"Le président n'est pas au dessus des lois", a rappelé la juge progressiste Elena Kagan, intervenant comme ses collègues depuis son domicile en raison de la pandémie de nouveau coronavirus.
Mais "nous sommes inquiets du risque potentiel de harcèlement" du locataire de la Maison Blanche, a ajouté le magistrat conservateur John Roberts.
Pendant plus de trois heures, les neuf magistrats ont assailli les parties de questions pour tenter de trouver la ligne d'équilibre dans ce dossier explosif, qui pourrait avoir de lourdes implications pour la séparation des pouvoirs aux Etats-Unis.
"Nous allons prendre une décision qui aura une valeur dans le futur, qui ne concerne pas qu'un président mais la présidence", a souligné le magistrat Neil Gorsuch pour rappeler les enjeux du dossier.
Dans un premier temps, elle permettra peut-être de lever le voile avant l'élection présidentielle de novembre sur les affaires de Donald Trump, qui contrairement à tous ses prédécesseurs depuis les années 1970 refuse de publier ses déclarations d'impôts.
Le milliardaire républicain, candidat à sa réélection, a fait de sa fortune un argument de campagne, mais son manque de transparence alimente les spéculations sur l'étendue de sa richesse, sur ses relations avec le fisc ou sur de potentiels conflits d'intérêt.
- Actrice de films X -
Après avoir repris le contrôle de la Chambre des représentants lors des élections de mi-mandat, les démocrates ont tenté de percer le mystère.
Trois commissions de la Chambre ont émis à partir d'avril 2019 des injonctions à l'ancien cabinet comptable de Donald Trump, Mazars, et à deux banques, Deutsche Bank et Capital One, pour obtenir toute une série de documents financiers portant sur ses affaires entre 2010 et 2018.

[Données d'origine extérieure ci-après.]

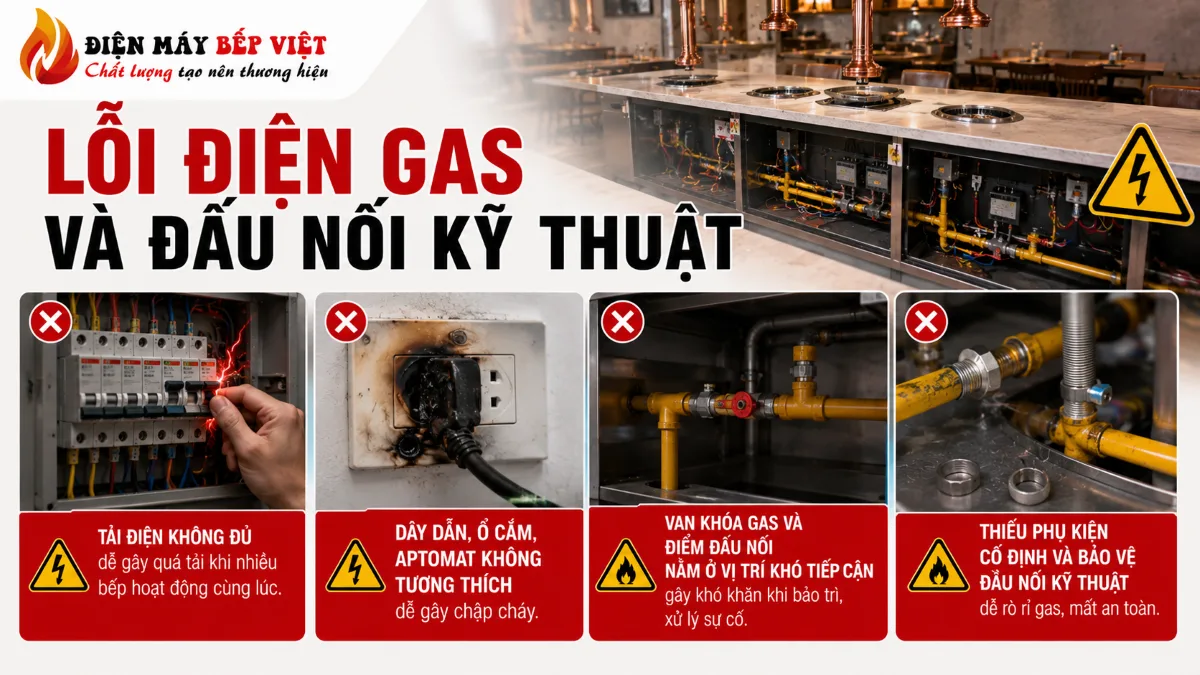 Hình minh họa lỗi điện gas và đấu nối kỹ thuật trong nhà hàng lẩu nướng với hệ thống điện quá tải, ổ cắm cháy, van gas và đường ống kỹ thuật lắp đặt chưa đồng bộ.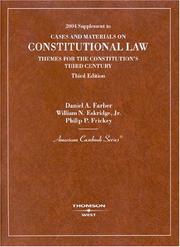 Cover of: 2004 Supplement to Cases and Materials on Constitutional Law Themes for the Constitution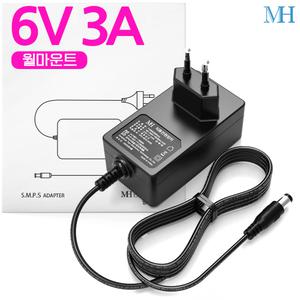 6V 3A 아답터 (TY0600300KImn) 월마운트 타입/가정용 AC-DC 직류 전원장치/6V 2A/6V2A/6V3A/어댑터
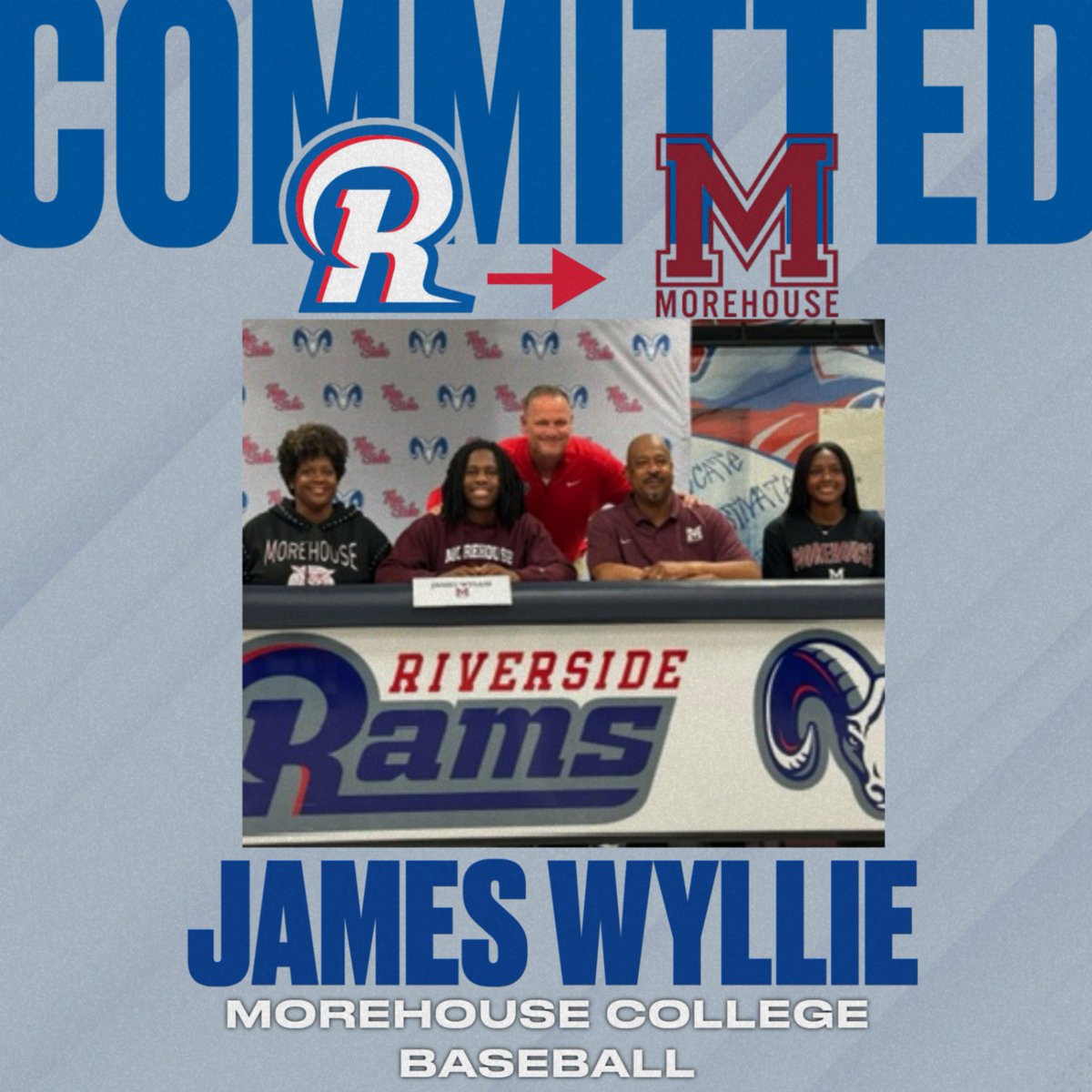 Congratulations to James Wyllie and his family on his commitment to continue his academic and Baseball career at Morehouse.  #ROLLSIDE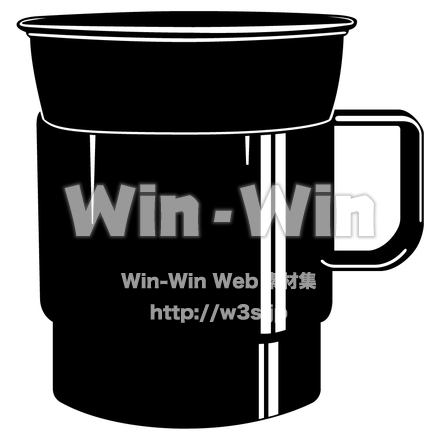 紙コップのシルエット素材 W-001012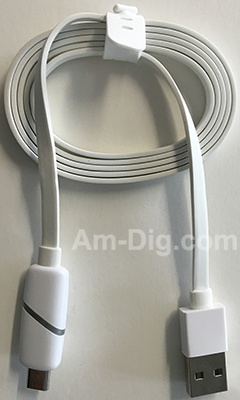 Earldom WZNB-06: LED Micro to USB Cable - White from Am-Dig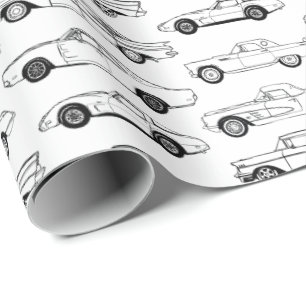 Klassische Autos in schwarzem Design Geschenkpapier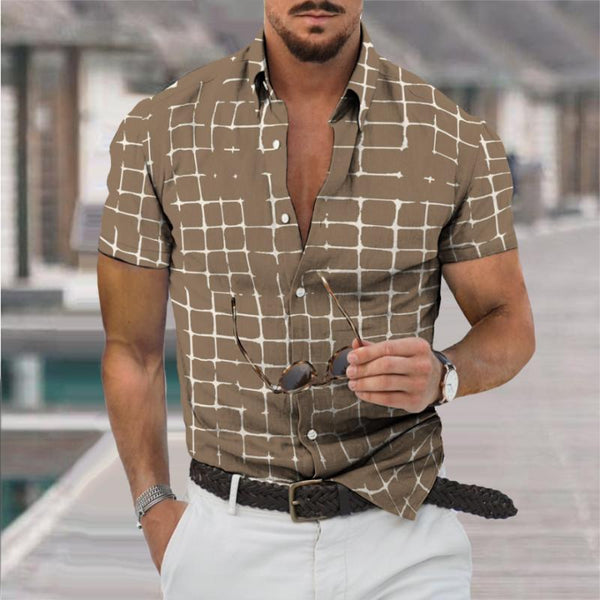 Men's Retro Casual Simple Geometric Short Sleeve Shirt 09179198TO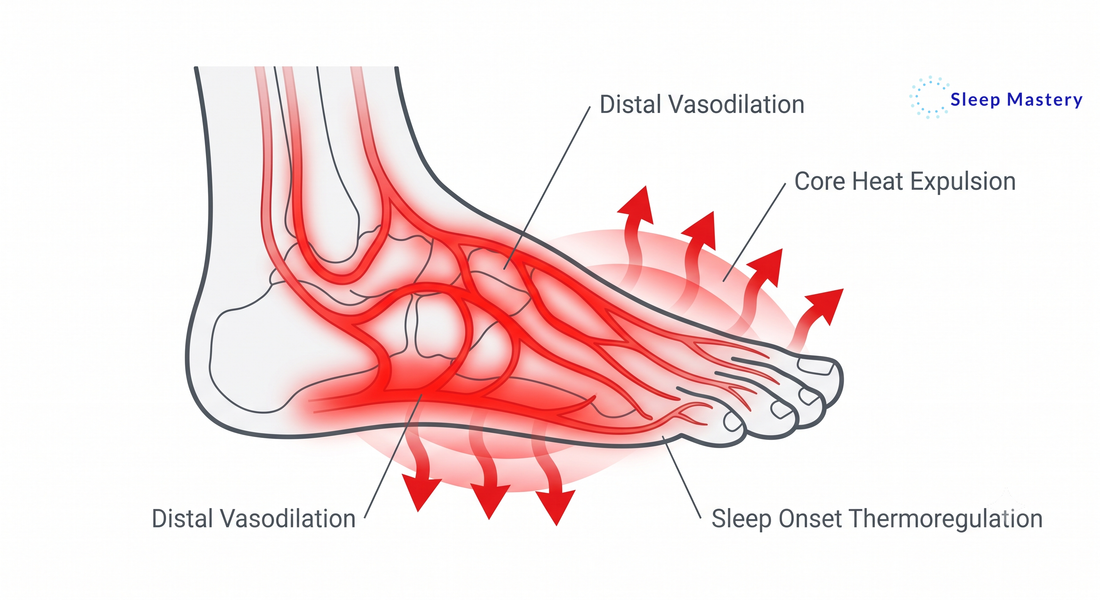Clinical medical diagram demonstrating distal vasodilation in the foot, explaining the biological mechanism of why feet get hot at night as the body rapidly expels core heat to trigger sleep onset.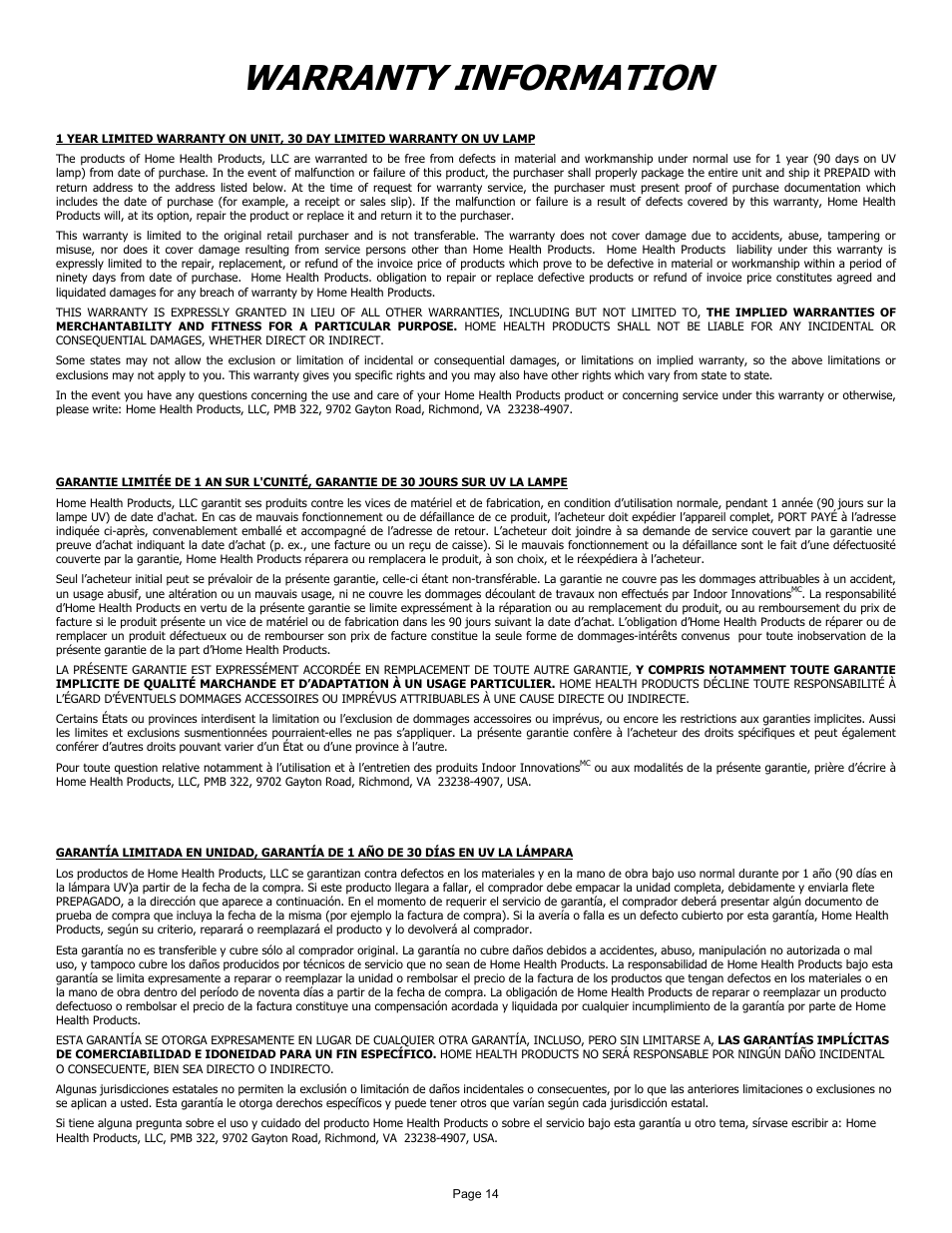 Warranty information | Air Health Air+Health AH-1 User Manual | Page 14 / 16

En parallèle, le procureur démocrate de Manhattan a émis une requête comparable auprès du cabinet Mazars dans le cadre d'une enquête portant sur une possible violation des lois new-yorkaises sur le financement des campagnes électorales.
Cyrus Vance cherche à obtenir des informations sur un versement effectué en 2016 à l'actrice de films pornographiques Stormy Daniels pour acheter son silence sur une liaison présumée avec le milliardaire, et qui ne figure pas dans ses comptes de campagne.
Se posant en victime d'une "chasse aux sorcières", Donald Trump a saisi la justice pour bloquer ces injonctions. Après avoir perdu en première instance et en appel, il s'est tourné vers la Cour suprême, où il a fait entrer deux magistrats conservateurs depuis son élection.
Dans les deux dossiers, ses avocats ont plaidé que le président devait être protégé d'un "harcèlement" parlementaire ou judiciaire pour qu'il puisse se concentrer sur son travail.
- "Oppressives" -
Si la Cour valide les injonctions du Congrès, cela "ouvrira la porte à toute sorte de requêtes oppressives", a plaidé Me Patrick Strawbridge dans le premier volet de l'affaire.
Dans le second volet, Me Jay Sekulow a appelé les juges à imaginer qu'il doive interrompre le président en pleine pandémie pour lui demander de consacrer deux heures à sa défense dans une enquête à l'autre bout du pays. Pour lui, le président jouit d'une immunité totale pendant son mandat.
"Une procédure pénale contre un président est une violation de la Constitution", a-t-il lancé.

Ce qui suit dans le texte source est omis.